FS#57949 - [grub] ships non-trivial and incorrect grub.cfg

Attached to Project: Arch Linux
Opened by Eli Schwartz (eschwartz) - Sunday, 25 March 2018, 12:36 GMT
Last edited by Christian Hesse (eworm) - Tuesday, 27 November 2018, 21:52 GMT
Task Type Bug Report
Category Packages: Core
Status Closed
Assigned To Ronald van Haren (pressh)
Christian Hesse (eworm)
Architecture All
Severity Low
Priority Normal
Reported Version
Due in Version Undecided
Due Date Undecided
Percent Complete 100%
Votes 1
Private No

Details

The grub 2 package installs a /boot/grub/grub.cfg file that seems to have maybe been generated on the then-packager's machine, and is completely unfit for any and all use. (Directing grub to boot a nonexistent UUID obviously does not work). The justification seems to be that it is "needed in order to create a backup entry" but this is simply untrue as many packages do not install a backup entry for configuration files the user is supposed to create themselves...

It then compounds the problem by performing configuration for the user that will never be used and does not add any utility, storing the results of a trivial automated script in a grub.cfg.example file when the user is *quite* capable of running the same script by hand after reading the excellent documentation.
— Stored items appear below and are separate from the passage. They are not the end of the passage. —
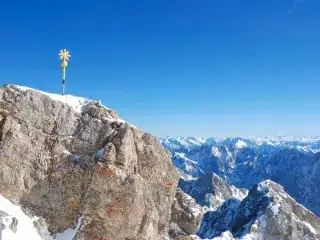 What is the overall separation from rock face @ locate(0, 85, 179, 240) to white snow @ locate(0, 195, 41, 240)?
1668 millimetres

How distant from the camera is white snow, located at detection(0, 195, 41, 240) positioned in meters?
49.8

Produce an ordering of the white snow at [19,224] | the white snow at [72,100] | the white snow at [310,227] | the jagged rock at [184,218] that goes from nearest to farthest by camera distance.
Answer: the white snow at [19,224], the white snow at [72,100], the jagged rock at [184,218], the white snow at [310,227]

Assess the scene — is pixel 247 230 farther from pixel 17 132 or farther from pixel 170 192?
pixel 17 132

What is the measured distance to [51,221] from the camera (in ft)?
188

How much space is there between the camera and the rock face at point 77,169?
2254 inches

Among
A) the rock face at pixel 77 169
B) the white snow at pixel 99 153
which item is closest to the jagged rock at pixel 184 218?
the rock face at pixel 77 169

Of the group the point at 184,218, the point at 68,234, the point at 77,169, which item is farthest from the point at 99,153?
the point at 184,218

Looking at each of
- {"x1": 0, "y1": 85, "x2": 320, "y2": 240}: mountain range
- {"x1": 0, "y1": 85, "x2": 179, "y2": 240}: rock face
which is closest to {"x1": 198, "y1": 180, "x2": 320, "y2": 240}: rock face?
{"x1": 0, "y1": 85, "x2": 320, "y2": 240}: mountain range

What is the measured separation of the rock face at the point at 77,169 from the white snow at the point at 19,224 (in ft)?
5.47

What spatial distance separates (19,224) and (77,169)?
418 inches

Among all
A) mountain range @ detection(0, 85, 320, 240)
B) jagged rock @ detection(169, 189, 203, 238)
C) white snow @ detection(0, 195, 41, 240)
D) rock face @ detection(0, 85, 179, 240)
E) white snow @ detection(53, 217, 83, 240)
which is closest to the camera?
white snow @ detection(0, 195, 41, 240)

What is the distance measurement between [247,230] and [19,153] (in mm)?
108340

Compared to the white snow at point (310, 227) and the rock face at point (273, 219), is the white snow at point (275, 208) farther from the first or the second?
the white snow at point (310, 227)

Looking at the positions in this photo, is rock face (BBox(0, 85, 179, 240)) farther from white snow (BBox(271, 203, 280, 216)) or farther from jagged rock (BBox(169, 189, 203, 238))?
white snow (BBox(271, 203, 280, 216)) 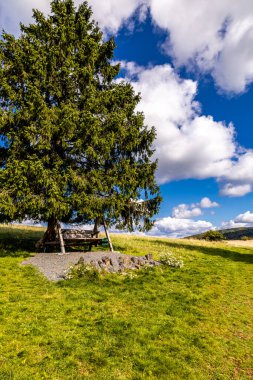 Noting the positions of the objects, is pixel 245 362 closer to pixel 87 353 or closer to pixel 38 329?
pixel 87 353

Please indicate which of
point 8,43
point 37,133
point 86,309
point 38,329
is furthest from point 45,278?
point 8,43

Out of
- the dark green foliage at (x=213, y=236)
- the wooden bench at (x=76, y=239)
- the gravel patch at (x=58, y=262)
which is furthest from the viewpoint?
the dark green foliage at (x=213, y=236)

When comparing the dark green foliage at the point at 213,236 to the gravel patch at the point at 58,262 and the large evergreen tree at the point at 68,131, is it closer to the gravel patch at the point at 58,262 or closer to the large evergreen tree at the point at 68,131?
the large evergreen tree at the point at 68,131

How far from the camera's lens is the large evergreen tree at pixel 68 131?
1568 cm

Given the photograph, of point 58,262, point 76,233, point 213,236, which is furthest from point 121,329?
point 213,236

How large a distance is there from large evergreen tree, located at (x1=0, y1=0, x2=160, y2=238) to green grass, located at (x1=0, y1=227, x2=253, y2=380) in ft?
16.4

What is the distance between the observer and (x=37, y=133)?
15.9 metres

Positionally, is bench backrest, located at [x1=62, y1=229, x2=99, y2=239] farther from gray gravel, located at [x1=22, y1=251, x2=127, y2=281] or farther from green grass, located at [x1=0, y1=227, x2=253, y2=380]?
green grass, located at [x1=0, y1=227, x2=253, y2=380]

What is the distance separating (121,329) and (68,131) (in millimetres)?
12316

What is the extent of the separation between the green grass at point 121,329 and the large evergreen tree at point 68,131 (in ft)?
16.4

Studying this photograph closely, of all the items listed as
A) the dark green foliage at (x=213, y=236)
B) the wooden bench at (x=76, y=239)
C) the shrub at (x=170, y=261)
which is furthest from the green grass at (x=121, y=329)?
the dark green foliage at (x=213, y=236)

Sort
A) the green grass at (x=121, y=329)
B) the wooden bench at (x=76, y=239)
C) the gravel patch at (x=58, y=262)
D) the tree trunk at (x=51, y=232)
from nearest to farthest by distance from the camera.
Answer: the green grass at (x=121, y=329) < the gravel patch at (x=58, y=262) < the wooden bench at (x=76, y=239) < the tree trunk at (x=51, y=232)

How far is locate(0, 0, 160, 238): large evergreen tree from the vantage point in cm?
1568

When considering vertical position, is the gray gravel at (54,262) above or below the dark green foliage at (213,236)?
below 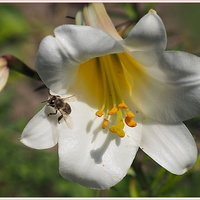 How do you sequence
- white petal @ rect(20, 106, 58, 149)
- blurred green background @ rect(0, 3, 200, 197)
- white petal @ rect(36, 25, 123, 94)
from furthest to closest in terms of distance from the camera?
blurred green background @ rect(0, 3, 200, 197), white petal @ rect(20, 106, 58, 149), white petal @ rect(36, 25, 123, 94)

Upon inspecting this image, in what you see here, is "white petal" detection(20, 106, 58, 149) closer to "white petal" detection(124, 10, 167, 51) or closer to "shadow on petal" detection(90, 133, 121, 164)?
"shadow on petal" detection(90, 133, 121, 164)

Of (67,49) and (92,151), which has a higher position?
(67,49)

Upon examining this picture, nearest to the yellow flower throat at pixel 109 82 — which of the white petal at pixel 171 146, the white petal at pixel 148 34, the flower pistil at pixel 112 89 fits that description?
the flower pistil at pixel 112 89

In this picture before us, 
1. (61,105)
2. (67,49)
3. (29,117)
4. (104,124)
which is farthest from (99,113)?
(29,117)

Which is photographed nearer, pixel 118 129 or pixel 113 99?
pixel 118 129

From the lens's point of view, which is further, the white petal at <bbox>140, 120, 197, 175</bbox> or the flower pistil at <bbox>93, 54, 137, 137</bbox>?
the flower pistil at <bbox>93, 54, 137, 137</bbox>

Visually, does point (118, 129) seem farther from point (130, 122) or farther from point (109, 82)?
point (109, 82)

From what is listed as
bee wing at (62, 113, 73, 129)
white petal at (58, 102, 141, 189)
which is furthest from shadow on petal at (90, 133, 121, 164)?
bee wing at (62, 113, 73, 129)

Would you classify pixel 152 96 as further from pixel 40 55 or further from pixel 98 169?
pixel 40 55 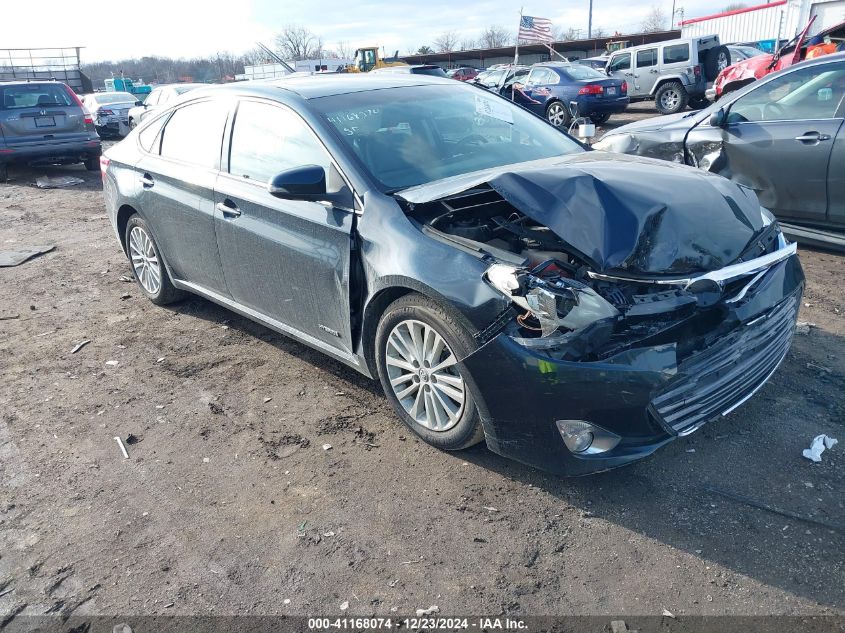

Also if one has a grub.cfg they created themselves prior to installing grub, and also had a .pacsave file (seems like an odd case but I can imagine it happening when cloning a disk and deciding to switch *back* to grub after it was previously used) it will overwrite that configuration and not even clean up the .pacsave afterwards. I'm not aware of any other packages which attempt to restore pacsave files on their own, and for good reason....
This seems needlessly convoluted as a workaround for pacman creating pacsave files due to a conf file that should never have been packaged in the first place...

The result is a system that *cannot* work by default.

This result is difficult and annoying to debug, as the grub.cfg file superficially appears to be correct, but will spawn weird error messages like "error: no such device: ad4103fa-d940-47ca-8506-301d8071d467" and make people wonder where on earth this UUID came from (answer: some Dev's build machine from 6 years ago).

This all produces magic effects rather than putting the user in charge of their system.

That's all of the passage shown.